Pourquoi Jésus est-il une énigme ? Sa personnalité doit-elle rester un mystère ? Jésus ne cherche pas à "nous brouiller les pistes", assure Renaud Silly. Pour savoir qui est Jésus, il faut "entrer dans un chemin de conversion qui est celui du disciple". Il faut donc "vivre avec lui, écouter sa parole, se laisser sculpter par l’enseignement du Seigneur pour progressivement entrer dans l’intelligence de qui il est…"
C’est à partir du XVIIIe siècle avec l’émergence de l’histoire comme "discipline reine", raconte Renaud Silly, que l’on a entrepris de reconstituer les données historiques sur Jésus. Un genre d’études historiques est même apparu, celui des "vies de Jésus". "Toutes sortes de théologiens et de philologues se sont penchés sur l’itinéraire probable, la biographie du Christ", raconte Frère Silly. On a ainsi présenté Jésus tantôt comme "un révolutionnaire exalté", un "maître de sagesse" ou encore un "apocalypticien conséquent".
On doit à Albert Schweitzer d’avoir proposé, au début du XXe siècle, une voie nouvelle. Ce célèbre médecin était aussi "un exégète remarquable", souligne Renaud Silly. "Il a profondément renouvelé l'approche scientifique de Jésus au début du XXe siècle." Par ailleurs, en un siècle, la connaissance sur la vie au temps de Jésus "a fait des progrès gigantesques". C’est donc tout l’enjeu du "Dictionnaire Jésus" de faire le point, après un siècle de découvertes, sur l’identité de Jésus.
Nous ne pouvons aller à la divinité de Jésus que par l’humanité de Jésus
Étudier la Bible et la confronter à l’histoire, y célébrer le mystère de la foi chrétienne : c’est dans ce dialogue entre science et foi que les dominicains de l’École biblique et archéologique de Jérusalem accomplissent leur vocation. On dit que Jésus est le fils de Dieu : c’est en s’approchant des textes que l’on peut comprendre cette expression. Ainsi l’évangéliste Matthieu donne-t-il, au chapitre 22, les tous premiers indices sur la nature à la fois divine et humaine de Jésus. Jésus qui est « antérieur à David comme Dieu et descendant de David comme homme".

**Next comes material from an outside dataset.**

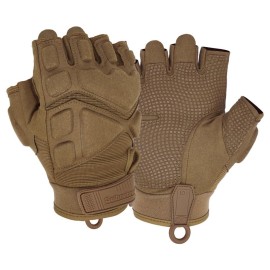 Seibertron Patented S.O.L.A.G 2.0 Half Finger Gloves - Touchscreen Tactical Gloves for Airsoft, Hunting, and Hiking Coyote M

Jésus leur réplique : « Comment donc David, inspiré par l’Esprit, peut-il l’appeler “Seigneur”, en disant : Le Seigneur a dit à mon Seigneur : “Siège à ma droite jusqu’à ce que j’aie placé tes ennemis sous tes pieds” ? Si donc David l’appelle Seigneur, comment peut-il être son fils ? » Personne n’était capable de lui répondre un mot et, à partir de ce jour-là, nul n’osa plus l’interroger.
(Mt 22, 43-46)
Quant à l’expression : "fils de l’homme", qu’est-ce que ça veut dire ? « Nous sommes devant un aspect très historique de la personne de Jésus puisque le terme "fils de l’homme" n’apparaît jamais dans la première littérature chrétienne. » Il n’y a que Jésus qui la prononce et même les apôtres ne le comprenaient pas très bien ! Renaud Silly admet qu’elle "n’est pas très facile à comprendre". Le dominicain propose toutefois cette interprétation : Jésus s’approprie sa propre humanité. "Chez lui l’humanité est totalement assumée, du coup elle est complète. Elle est le moyen par lequel il se révèle aux hommes, par lequel il va mettre en œuvre toutes les vertus, par lequel il va révéler la doctrine du Père. Bref, nous ne pouvons aller à la divinité de Jésus que par l’humanité de Jésus." L’humanité telle que la présente Jésus est "une humanité splendide, graciée, éblouissante, transfigurée".